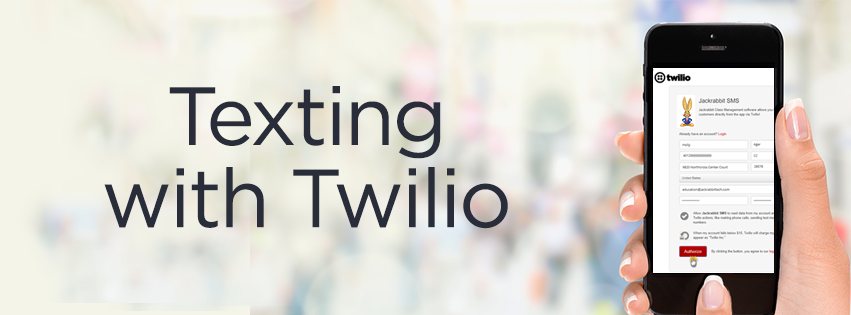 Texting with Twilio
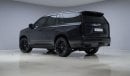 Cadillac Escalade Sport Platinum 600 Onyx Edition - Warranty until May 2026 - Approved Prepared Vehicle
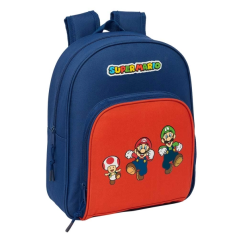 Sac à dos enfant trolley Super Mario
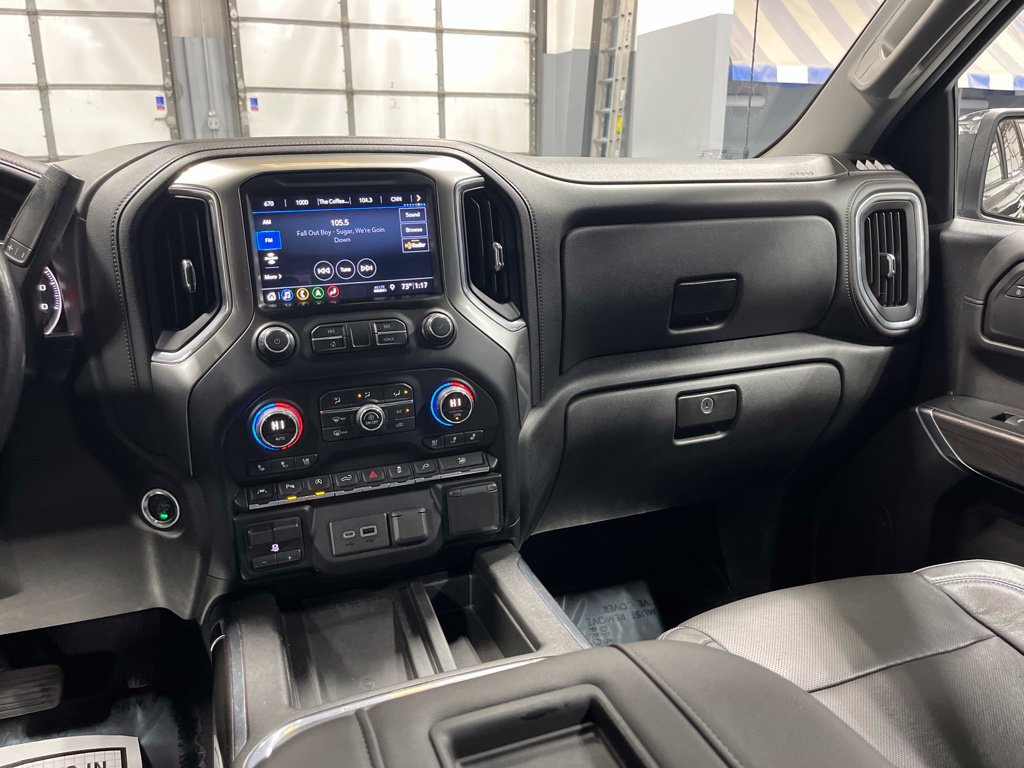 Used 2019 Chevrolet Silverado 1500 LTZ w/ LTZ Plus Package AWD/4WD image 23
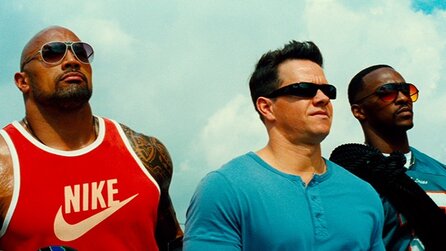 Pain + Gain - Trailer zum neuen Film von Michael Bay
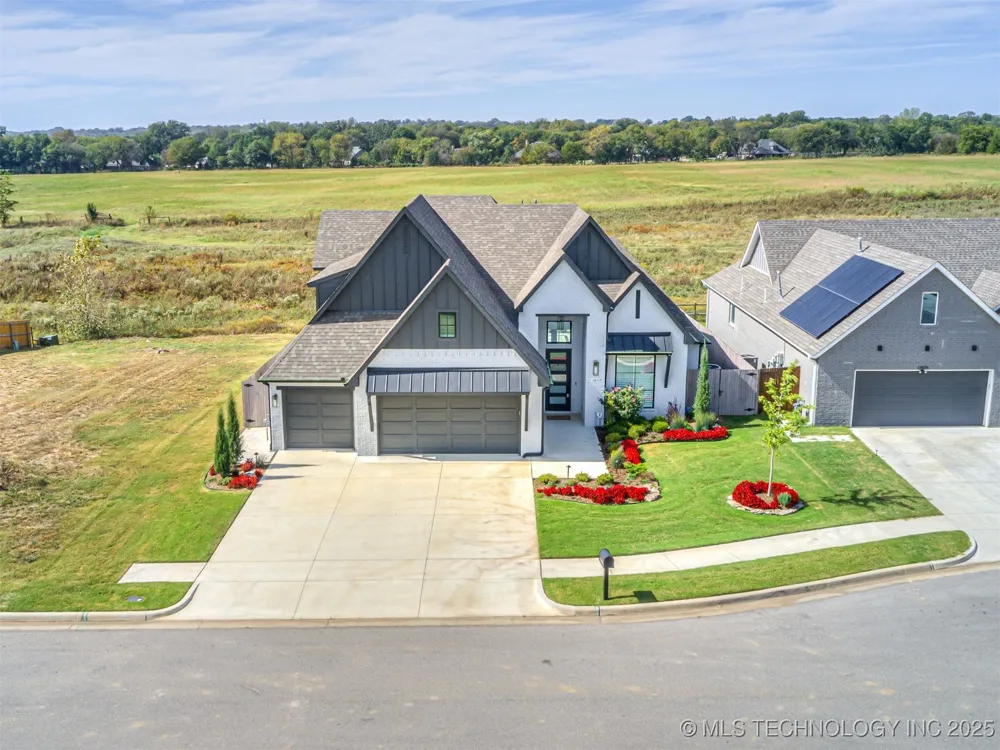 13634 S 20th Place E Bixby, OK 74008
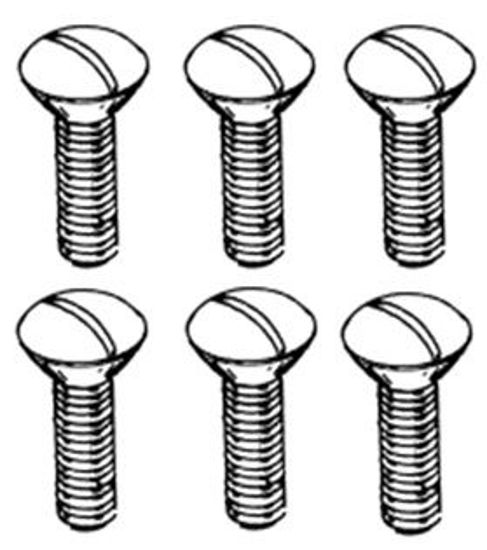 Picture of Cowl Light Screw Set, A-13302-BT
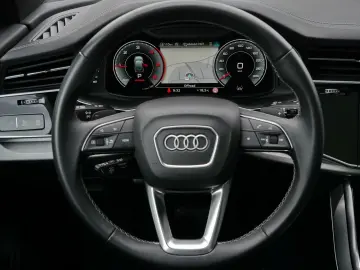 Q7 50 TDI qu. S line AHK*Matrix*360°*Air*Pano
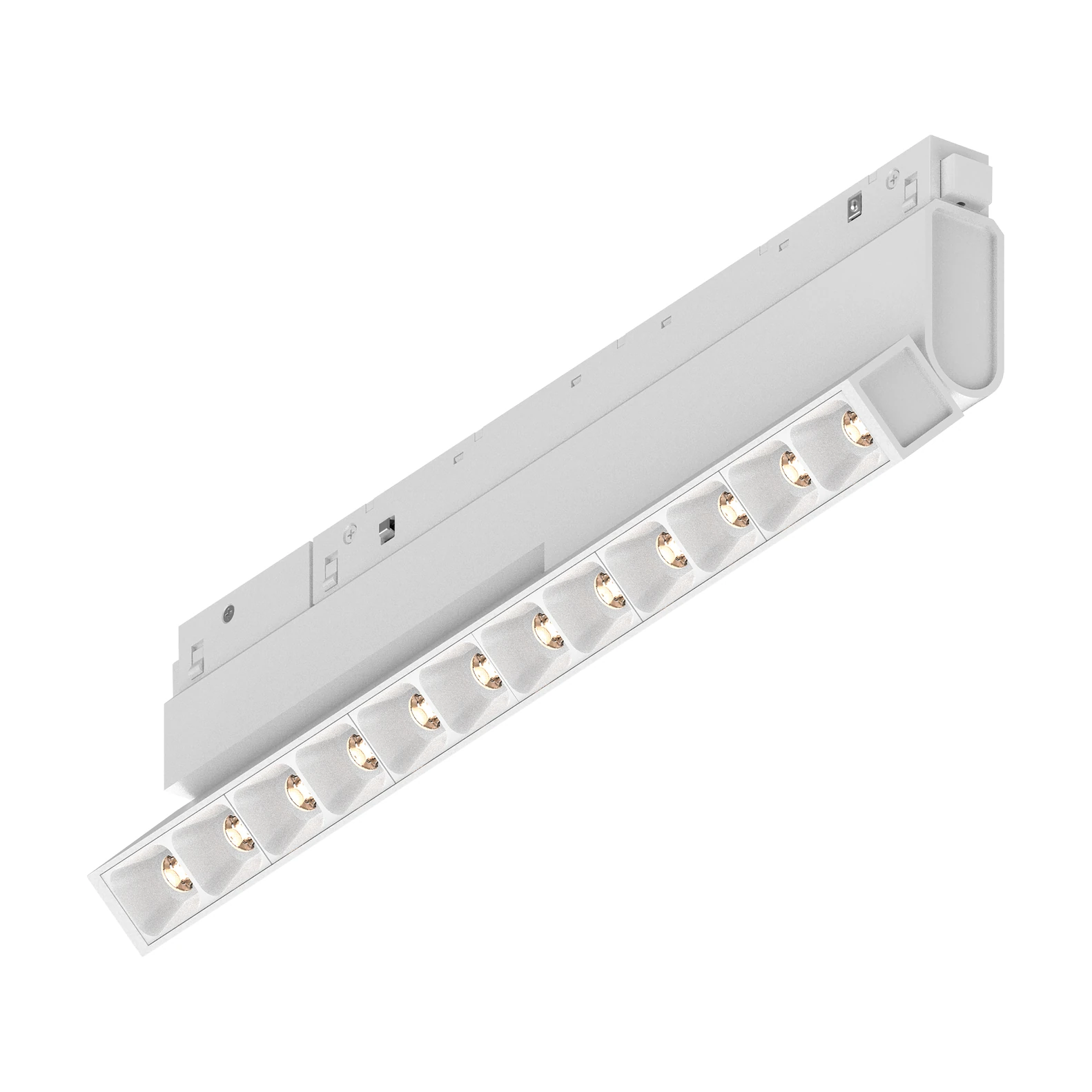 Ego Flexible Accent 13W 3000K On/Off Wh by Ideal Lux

◆ ◆ ◆ ◆

*Problem requirements*.
All that belongs in the answer is the exact run of lines from the line containing "13634 S 20th Place E Bixby, OK 74008" to the end of the listing above, pictures removed.

*Reply*.
 13634 S 20th Place E Bixby, OK 74008
 Picture of Cowl Light Screw Set, A-13302-BT
 Q7 50 TDI qu. S line AHK*Matrix*360°*Air*Pano
 Ego Flexible Accent 13W 3000K On/Off Wh by Ideal Lux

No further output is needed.